Types of Surrender Values:

It is imperative to read your policy documents to know about the types of surrender values; they are:

1. Guaranteed Surrender Value

If you have paid the insurance premium continuously for the initial three years, you are eligible to receive the surrender value, equivalent to the amount of premium you have paid until the date. However, the surrender value does not include bonuses and the first premium you have paid for additional benefits.

2. Special Surrender Value

This value is calculated when you stop paying the premium, but the policy remains active at a lower sum assured, known as paid-up value. The surrender value is calculated as the sum of the paid-up value and the total bonuses multiplied by the surrender value factor. For instance, you paid a premium of Rs. 15,000 annually for a sum assured of Rs. 3 lakhs for an insurance policy of 20 years.
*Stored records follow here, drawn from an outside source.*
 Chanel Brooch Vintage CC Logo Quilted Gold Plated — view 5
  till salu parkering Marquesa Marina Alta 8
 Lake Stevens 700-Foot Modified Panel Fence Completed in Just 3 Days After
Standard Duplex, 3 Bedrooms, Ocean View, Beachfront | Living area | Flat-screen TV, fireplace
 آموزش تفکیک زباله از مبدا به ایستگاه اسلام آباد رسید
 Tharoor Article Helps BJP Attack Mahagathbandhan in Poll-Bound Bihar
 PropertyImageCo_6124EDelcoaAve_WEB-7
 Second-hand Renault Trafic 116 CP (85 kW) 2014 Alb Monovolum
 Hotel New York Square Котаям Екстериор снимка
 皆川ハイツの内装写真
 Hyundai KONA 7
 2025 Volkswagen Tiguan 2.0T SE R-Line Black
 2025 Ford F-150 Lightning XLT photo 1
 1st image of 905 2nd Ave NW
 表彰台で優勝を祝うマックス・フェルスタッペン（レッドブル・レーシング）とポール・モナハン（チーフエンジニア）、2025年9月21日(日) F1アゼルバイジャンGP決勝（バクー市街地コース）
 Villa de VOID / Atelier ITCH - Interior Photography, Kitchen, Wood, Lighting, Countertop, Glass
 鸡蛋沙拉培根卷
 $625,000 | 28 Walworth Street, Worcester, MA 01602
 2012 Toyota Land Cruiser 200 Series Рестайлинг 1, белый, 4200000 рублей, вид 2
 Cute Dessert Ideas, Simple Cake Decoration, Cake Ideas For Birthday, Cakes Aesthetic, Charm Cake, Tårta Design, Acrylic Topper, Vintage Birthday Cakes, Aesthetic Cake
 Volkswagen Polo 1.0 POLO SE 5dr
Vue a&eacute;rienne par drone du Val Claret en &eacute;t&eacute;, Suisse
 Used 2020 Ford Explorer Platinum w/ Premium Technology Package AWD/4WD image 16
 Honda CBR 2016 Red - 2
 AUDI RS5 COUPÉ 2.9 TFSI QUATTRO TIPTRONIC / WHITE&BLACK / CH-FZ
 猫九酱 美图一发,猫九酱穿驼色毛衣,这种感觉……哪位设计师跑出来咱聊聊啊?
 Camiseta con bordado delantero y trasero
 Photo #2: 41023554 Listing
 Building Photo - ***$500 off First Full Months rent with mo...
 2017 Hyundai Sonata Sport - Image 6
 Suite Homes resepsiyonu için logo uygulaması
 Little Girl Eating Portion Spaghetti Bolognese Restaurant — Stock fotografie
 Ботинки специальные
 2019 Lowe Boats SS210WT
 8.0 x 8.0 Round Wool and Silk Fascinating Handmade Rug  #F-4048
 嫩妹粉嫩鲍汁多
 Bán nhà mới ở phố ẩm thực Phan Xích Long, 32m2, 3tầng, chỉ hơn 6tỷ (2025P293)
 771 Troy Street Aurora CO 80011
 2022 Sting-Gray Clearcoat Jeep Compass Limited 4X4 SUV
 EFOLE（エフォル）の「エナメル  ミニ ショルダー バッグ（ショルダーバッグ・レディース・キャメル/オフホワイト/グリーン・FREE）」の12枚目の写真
But you stopped paying the premium from the fourth year; suppose the bonus here is Rs. 30,000, and the value factor is 30%. The paid-up value would be equivalent to Rs. 60,000, and the special surrender value will be calculated as follows:

(60000+30000) x (30/100)= 27,000

Where, 

Paid up value = 60,000

Bonus= 30,000

Value Factor- 30%

Reasons to Surrender Your Life Insurance Policy:

  • You found a better deal
  • You urgently need a large amount of cash
  • You can’t afford the premium
  • You no longer need a life insurance policy

Conclusion: 

Once you surrender your life insurance policy, your risk cover benefit will end. You will partially lose the sum of the amount you have invested and will lose on the tax benefits a life insurance policy provides. You should surrender your policy only if there is a valid reason.